**RECORD EXCERPTS:**
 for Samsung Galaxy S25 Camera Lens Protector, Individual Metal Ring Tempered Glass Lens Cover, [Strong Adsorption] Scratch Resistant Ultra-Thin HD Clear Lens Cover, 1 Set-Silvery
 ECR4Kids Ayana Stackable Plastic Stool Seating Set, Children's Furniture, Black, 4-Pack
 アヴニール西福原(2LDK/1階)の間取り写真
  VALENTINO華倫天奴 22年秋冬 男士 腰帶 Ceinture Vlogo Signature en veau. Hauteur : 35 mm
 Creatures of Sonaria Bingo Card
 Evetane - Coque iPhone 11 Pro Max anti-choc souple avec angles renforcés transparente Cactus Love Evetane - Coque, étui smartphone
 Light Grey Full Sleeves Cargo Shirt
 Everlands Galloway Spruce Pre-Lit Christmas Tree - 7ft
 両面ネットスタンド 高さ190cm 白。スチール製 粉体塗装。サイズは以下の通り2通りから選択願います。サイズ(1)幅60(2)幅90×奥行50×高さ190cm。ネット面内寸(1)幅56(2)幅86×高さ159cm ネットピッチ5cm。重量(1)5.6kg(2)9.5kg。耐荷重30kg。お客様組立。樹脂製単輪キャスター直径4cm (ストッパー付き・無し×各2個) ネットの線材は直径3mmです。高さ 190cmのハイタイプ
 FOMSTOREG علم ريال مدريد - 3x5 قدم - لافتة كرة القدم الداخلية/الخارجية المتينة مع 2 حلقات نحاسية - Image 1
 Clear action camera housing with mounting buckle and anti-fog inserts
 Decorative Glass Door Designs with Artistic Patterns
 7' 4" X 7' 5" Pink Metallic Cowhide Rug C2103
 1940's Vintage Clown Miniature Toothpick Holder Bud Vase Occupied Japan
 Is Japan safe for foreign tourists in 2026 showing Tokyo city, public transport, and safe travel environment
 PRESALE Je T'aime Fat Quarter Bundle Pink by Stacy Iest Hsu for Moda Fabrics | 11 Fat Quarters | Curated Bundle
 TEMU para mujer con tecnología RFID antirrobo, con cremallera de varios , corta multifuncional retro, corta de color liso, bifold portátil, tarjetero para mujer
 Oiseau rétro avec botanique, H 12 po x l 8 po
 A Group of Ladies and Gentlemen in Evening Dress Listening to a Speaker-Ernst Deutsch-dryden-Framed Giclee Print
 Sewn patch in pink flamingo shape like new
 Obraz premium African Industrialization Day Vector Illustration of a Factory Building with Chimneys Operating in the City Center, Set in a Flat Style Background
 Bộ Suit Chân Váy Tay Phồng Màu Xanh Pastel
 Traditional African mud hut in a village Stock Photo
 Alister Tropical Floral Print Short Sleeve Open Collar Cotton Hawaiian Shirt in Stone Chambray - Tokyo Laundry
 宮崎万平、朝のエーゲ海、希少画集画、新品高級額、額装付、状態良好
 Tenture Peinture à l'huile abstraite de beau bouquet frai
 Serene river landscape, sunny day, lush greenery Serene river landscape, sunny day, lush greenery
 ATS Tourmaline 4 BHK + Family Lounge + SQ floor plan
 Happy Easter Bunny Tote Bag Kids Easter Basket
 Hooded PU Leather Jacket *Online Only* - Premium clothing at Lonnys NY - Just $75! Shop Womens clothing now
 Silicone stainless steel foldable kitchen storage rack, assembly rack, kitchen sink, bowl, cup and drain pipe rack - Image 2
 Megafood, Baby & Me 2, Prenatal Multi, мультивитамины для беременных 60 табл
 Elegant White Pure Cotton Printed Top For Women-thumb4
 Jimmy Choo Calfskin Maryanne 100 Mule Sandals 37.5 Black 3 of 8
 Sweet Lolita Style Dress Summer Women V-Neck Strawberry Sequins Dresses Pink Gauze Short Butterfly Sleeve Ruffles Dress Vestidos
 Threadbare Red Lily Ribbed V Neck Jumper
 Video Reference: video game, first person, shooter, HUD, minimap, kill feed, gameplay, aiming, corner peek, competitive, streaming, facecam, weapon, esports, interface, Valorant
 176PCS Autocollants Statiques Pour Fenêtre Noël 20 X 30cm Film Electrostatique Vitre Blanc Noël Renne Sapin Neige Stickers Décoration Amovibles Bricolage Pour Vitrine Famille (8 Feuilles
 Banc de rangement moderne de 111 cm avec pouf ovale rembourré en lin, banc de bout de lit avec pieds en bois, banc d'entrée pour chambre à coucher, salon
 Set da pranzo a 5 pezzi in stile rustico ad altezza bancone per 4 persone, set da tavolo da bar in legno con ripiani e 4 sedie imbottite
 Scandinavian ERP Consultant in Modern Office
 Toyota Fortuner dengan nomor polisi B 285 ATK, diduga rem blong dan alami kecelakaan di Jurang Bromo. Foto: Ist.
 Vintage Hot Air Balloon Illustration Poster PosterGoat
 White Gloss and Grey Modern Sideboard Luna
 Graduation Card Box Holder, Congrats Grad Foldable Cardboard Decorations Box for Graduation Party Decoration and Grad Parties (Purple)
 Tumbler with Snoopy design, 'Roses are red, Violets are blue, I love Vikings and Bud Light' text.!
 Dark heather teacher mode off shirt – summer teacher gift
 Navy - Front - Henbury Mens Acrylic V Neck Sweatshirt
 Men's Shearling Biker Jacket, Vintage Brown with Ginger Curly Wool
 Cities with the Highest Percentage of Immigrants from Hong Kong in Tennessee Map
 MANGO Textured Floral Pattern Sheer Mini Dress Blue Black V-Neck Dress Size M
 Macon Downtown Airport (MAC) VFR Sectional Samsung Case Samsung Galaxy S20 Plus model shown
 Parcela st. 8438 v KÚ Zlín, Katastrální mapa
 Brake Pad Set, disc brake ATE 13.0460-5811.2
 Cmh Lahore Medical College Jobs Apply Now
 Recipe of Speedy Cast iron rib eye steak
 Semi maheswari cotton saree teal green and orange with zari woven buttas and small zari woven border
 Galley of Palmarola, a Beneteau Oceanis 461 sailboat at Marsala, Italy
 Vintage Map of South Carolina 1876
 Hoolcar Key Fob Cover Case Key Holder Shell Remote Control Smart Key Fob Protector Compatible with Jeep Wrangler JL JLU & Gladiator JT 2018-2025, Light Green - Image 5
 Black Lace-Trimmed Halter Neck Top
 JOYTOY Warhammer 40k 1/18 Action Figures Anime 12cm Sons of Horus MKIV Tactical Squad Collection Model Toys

**DIRECTIONS:** Pull every line with the word "Black" from the data.

**ANSWER FOR THE TASK:**
 ECR4Kids Ayana Stackable Plastic Stool Seating Set, Children's Furniture, Black, 4-Pack
 Jimmy Choo Calfskin Maryanne 100 Mule Sandals 37.5 Black 3 of 8
 MANGO Textured Floral Pattern Sheer Mini Dress Blue Black V-Neck Dress Size M
 Black Lace-Trimmed Halter Neck Top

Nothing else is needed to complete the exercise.